Baseline blood glucose averaged 408.9 ± 11.0 mg/dL in animals selected for study. Fed blood glucose measured twenty-four hours after the first, third and fifth dose was significantly reduced in semaglutide treated animals compared to those administered vehicle except for the 1 nmol/kg group after the first dose. Following the fifth administration, glucose values were reduced compared to baseline by 16.3 ± 6.8, 39.4 ± 5.3, 57.3 ± 4.8 and 56.6 ± 2.5% for vehicle, and semaglutide at 1, 3 and 10 nmol/kg, respectively (Fig 6A and 6B).

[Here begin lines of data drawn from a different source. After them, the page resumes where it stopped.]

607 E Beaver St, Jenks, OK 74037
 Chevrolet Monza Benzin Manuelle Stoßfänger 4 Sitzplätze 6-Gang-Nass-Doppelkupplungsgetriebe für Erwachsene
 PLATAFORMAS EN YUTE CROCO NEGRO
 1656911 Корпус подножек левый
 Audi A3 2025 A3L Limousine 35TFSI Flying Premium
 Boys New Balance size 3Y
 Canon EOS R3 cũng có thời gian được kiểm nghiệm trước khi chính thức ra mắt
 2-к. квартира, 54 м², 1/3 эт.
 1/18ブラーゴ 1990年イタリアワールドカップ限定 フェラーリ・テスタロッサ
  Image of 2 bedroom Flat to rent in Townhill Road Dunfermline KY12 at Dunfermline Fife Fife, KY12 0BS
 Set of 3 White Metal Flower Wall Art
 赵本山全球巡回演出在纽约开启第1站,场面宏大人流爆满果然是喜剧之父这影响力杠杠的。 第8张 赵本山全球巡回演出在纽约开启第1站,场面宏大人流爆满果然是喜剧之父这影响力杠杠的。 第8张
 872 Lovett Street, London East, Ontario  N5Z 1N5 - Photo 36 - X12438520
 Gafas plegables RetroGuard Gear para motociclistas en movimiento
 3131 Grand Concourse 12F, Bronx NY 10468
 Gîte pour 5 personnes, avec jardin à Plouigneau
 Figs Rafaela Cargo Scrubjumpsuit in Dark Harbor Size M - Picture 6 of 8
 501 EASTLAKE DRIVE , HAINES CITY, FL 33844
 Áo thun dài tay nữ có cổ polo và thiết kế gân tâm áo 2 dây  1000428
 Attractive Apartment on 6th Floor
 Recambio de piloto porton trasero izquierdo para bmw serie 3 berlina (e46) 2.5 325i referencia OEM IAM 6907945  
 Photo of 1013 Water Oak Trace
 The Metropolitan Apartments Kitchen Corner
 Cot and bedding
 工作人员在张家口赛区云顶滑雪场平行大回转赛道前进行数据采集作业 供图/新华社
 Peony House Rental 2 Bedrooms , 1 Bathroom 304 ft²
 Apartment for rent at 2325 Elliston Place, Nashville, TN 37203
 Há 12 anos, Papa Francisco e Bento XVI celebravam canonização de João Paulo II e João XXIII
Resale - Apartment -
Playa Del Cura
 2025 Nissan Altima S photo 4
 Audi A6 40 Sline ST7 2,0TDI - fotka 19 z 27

[Figure omitted. See PDF.]
Fig 6. Changes in blood glucose and glucose responses to a glucose load during performance of oral glucose tolerance test in male FATZO mice following administration of semaglutide.
Post-prandial glucose measured 24 hours after administration of semaglutide was dose-dependently reduced compared to vehicle over the course of the study (A) (two-way ANOVA, * p < .05 when compared to baseline). Terminal glucose data were also plotted as % decrease in glucose concentrations compared to baseline. The responses of all of the semaglutide groups were significantly higher than that of vehicle treated animals (B). Improvements in glucose handling were dose-dependent and significant compared to vehicle when administered at 10 nmol/kg (C, D) [Vehicle ●, 1 nmol/kg ■, 3 nmol/kg ▲, and 10 nmol/kg ▼] (one-way ANOVA, * p < .05 when compared to vehicle).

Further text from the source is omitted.